Graphic by Christina. Isn't it gorgeous?
I'm doing one of his most popular works: Charlie and the Chocolate Factory. In case you haven't read it, (side note: where is your childhood?) it's about how Charlie, a poor downtrodden kid with a loving family wins a chance to visit an mysterious chocolate factory owned by a mysterious Willy Wonka. Accompanying him are four brats whose names I don't remember. I do remember their miserable endings, though. Whoops, spoiler!

In classic middle-grade book style, the bratty kids all get their comeuppance. This, by the way, is a good thing, because you will hate those annoying brats so damn much. Roald Dahl masterfully builds up your hatred for them and makes you cheer when they meet their deserved end — or do they?
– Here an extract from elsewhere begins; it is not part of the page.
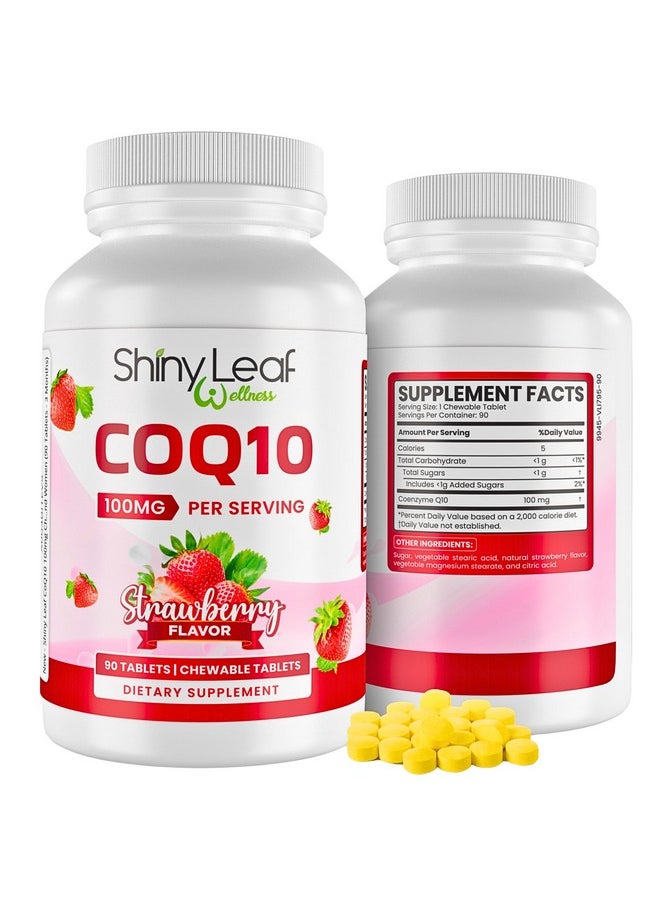 Shiny Leaf Shiny Leaf CoQ10 Supplement - COQ10 100mg - Fast-Absorbing, Coenzyme Q10 for Heart Health, Energy Boost - Non-GMO, Gluten-Free, 90 Ct.- Made in USA, Delicious Strawberry Flavored Tablets, Non-GMO  - Image 1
One of my favourite things about Roald Dahl is that the villain's fate is grisly or at least quite horrifying. Here, all the other four kids are just that: kids (if rather whiny). And yet they're 1) sucked into the pipes, 2) turned into a giant blueberry, 3) thrown into more pipes by squirrels, and 4) shrunk down to a tiny size. It's this chilling, disproportionate retribution that really defines Roald Dahl. And it's why to this day, Charlie and the Chocolate Factory still has a special place in my mind.

I know. I'm wacko.

The movie adaptation

One of the reasons I did this for #LitLove is that I wanted an excuse to watch the movie. I know there are like thousands of adaptations, but I wanted to watch a very specific one: the one with Christopher Lee. I didn't really like Tim Burton's remake of Alice in Wonderland, but I decided to try it anyways.

And, you know, it sort of ended up like Alice in Wonderland. Obligatory Johnny Depp and Helena Bonham Carter appearances. Like ... it didn't have the dark feel. Also: backstory. (But since backstory means Sir Christopher Lee, whatever.) Bottom line: if Honest Trailers or Cinema Sins got their hands on this, you wouldn't want to watch it. And the Roald Dahl feeling didn't translate well. But it's quite entertaining. (Plus, Sir Christopher Lee.)
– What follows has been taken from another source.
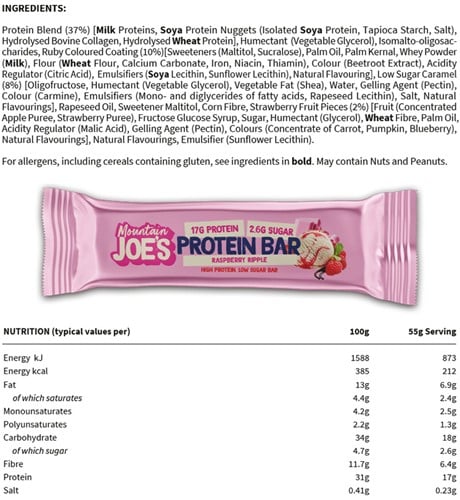 Mountain Joe's Protein Bar Raspberry Ripple (12 x 55 g)-3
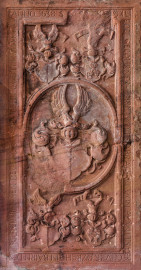 Heidelberg - Heiliggeistkirche - Südschiff - 1. Epitaph, von Westen aus gezählt, an Wand des südlichen Seitenschiffs (aufgenommen im Februar 2014, am frühen Nachmittag)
Bonus: Lamb to the Slaughter

Random review of one of Roald Dahl's more insane short stories! It's about how a detective's wife kills him and tries to escape the blame. It's ridiculously funny and ridiculously gruesome at the same time, in the vein of Roald Dahl's other works. Basically my reaction was just "oh." and then "Ohhhh." and then "What the heck" and then "What the heck?? This is awesome!" and then "I know. I'm wacko." It's a very classic crime fiction-y short, and one of my all-time favs. If you love his MG novels, you'll love this too.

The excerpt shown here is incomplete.